### [TASK INSTRUCTIONS]
Copy the whole listing below exactly, with nothing left out.

### [PROVIDED MATERIAL]
___

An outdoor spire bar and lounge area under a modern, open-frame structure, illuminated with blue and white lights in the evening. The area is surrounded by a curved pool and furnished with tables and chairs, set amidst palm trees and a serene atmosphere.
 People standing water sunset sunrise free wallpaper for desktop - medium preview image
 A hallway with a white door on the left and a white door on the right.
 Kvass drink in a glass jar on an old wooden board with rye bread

___

### [ANSWER TO THIS EXERCISE]
An outdoor spire bar and lounge area under a modern, open-frame structure, illuminated with blue and white lights in the evening. The area is surrounded by a curved pool and furnished with tables and chairs, set amidst palm trees and a serene atmosphere.
 People standing water sunset sunrise free wallpaper for desktop - medium preview image
 A hallway with a white door on the left and a white door on the right.
 Kvass drink in a glass jar on an old wooden board with rye bread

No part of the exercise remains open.